● **DATASET CONTENT**:
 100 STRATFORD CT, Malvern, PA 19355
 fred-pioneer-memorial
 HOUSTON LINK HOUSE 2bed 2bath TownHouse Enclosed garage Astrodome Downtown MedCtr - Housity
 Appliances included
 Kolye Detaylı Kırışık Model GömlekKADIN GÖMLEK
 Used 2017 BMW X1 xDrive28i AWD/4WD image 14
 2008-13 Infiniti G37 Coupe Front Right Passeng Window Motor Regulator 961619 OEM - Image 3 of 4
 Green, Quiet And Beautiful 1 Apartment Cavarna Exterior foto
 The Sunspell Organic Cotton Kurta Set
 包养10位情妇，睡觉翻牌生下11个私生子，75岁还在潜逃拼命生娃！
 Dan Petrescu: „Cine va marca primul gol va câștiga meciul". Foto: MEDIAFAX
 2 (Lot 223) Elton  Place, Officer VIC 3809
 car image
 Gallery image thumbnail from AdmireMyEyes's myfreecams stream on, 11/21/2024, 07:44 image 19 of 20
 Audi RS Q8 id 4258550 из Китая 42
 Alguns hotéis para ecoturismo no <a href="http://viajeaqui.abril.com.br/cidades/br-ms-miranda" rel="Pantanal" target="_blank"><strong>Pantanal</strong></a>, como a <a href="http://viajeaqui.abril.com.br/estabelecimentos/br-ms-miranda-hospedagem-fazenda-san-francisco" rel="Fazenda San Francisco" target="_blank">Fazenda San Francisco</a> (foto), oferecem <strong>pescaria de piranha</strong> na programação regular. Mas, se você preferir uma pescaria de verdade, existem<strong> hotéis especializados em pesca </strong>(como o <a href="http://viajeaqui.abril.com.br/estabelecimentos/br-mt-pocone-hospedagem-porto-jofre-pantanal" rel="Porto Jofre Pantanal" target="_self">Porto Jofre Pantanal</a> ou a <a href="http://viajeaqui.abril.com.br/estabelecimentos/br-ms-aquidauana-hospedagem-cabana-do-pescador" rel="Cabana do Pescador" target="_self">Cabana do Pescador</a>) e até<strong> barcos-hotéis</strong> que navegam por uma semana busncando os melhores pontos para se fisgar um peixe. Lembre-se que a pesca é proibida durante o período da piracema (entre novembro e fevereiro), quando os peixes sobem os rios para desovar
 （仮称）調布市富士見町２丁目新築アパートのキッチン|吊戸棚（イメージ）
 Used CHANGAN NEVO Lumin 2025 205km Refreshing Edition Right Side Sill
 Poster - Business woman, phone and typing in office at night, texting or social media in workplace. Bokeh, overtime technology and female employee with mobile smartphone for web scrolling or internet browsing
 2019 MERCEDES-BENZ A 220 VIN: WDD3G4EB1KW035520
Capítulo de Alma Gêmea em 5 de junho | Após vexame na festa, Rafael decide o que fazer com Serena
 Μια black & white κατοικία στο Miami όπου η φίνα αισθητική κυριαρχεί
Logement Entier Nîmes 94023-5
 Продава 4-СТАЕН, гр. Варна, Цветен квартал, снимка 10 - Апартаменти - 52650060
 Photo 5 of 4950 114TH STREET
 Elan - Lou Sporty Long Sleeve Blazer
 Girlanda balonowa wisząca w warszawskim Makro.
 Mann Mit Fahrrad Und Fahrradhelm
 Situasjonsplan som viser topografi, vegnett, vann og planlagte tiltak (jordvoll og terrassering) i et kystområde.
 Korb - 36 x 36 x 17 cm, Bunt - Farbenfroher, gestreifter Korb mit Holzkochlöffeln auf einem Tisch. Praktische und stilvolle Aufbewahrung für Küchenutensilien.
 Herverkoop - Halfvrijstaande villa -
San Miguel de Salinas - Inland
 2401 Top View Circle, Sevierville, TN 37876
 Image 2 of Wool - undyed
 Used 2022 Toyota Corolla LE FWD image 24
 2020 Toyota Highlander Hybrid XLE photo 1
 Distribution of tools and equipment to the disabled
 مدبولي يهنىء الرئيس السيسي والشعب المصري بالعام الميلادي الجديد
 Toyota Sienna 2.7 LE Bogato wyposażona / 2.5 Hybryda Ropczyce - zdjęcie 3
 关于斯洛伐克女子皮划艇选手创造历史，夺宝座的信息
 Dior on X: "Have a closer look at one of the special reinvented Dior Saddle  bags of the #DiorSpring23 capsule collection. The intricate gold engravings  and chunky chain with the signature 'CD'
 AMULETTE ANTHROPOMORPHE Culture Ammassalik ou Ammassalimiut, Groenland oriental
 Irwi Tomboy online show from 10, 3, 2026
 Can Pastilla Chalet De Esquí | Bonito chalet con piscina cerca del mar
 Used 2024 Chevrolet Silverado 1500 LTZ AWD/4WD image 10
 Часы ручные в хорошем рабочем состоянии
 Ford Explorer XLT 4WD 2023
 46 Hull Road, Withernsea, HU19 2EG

● **AIM OF THE TASK**:
Set down, exactly and only, the lines running from the one holding "Часы ручные в хорошем рабочем состоянии" through the end of the records above, both ends included.

● **ANSWER FOR THIS EXERCISE**:
 Часы ручные в хорошем рабочем состоянии
 Ford Explorer XLT 4WD 2023
 46 Hull Road, Withernsea, HU19 2EG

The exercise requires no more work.